BEGIN
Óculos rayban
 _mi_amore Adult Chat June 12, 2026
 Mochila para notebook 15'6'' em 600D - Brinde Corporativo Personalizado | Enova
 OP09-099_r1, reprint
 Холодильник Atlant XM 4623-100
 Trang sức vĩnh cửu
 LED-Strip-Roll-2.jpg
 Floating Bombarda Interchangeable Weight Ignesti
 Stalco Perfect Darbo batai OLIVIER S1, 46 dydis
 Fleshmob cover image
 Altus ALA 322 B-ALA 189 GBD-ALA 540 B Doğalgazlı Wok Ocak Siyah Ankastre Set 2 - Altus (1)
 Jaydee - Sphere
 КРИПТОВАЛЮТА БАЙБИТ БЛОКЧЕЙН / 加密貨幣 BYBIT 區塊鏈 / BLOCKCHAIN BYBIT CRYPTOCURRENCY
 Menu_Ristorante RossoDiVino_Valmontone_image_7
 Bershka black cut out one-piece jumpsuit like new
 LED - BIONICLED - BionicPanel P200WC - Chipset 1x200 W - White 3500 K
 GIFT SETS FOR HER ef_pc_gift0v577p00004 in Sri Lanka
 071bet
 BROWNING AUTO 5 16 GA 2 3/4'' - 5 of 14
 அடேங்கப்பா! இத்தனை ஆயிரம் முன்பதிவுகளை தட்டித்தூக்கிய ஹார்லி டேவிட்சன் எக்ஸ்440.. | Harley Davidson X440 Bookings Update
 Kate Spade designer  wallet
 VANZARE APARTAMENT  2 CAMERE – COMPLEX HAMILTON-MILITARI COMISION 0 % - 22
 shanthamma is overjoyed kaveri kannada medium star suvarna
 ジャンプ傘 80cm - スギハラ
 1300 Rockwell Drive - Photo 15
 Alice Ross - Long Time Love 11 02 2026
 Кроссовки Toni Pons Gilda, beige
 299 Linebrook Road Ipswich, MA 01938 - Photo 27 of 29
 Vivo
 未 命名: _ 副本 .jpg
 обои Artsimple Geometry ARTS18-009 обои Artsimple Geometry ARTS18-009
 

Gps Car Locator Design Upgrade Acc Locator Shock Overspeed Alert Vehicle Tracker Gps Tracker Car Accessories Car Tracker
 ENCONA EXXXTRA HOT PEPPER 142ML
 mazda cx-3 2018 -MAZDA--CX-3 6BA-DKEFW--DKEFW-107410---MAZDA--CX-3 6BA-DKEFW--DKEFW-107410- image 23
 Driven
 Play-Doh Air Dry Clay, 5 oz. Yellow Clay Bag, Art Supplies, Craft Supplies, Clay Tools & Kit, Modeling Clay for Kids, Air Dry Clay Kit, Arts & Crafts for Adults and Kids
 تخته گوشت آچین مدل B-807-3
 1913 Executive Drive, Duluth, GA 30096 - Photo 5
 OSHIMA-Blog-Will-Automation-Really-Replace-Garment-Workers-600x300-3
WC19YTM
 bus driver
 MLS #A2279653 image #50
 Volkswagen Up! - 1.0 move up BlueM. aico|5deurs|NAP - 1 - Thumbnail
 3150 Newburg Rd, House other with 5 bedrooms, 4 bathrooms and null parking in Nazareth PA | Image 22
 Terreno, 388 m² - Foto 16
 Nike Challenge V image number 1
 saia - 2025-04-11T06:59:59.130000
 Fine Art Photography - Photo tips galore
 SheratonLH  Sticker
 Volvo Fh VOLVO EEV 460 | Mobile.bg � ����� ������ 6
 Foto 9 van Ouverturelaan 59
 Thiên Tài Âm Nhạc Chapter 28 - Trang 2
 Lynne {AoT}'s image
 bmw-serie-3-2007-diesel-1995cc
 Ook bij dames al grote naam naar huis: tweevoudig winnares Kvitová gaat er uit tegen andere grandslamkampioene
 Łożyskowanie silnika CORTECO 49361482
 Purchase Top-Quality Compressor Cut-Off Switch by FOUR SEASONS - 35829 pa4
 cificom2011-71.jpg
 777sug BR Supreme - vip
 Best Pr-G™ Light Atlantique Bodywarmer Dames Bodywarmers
END
Work required: Repeat the lines from the first one in the records through the line containing "Fleshmob cover image", exactly as written, and nothing else.

Written answer:
Óculos rayban
 _mi_amore Adult Chat June 12, 2026
 Mochila para notebook 15'6'' em 600D - Brinde Corporativo Personalizado | Enova
 OP09-099_r1, reprint
 Холодильник Atlant XM 4623-100
 Trang sức vĩnh cửu
 LED-Strip-Roll-2.jpg
 Floating Bombarda Interchangeable Weight Ignesti
 Stalco Perfect Darbo batai OLIVIER S1, 46 dydis
 Fleshmob cover image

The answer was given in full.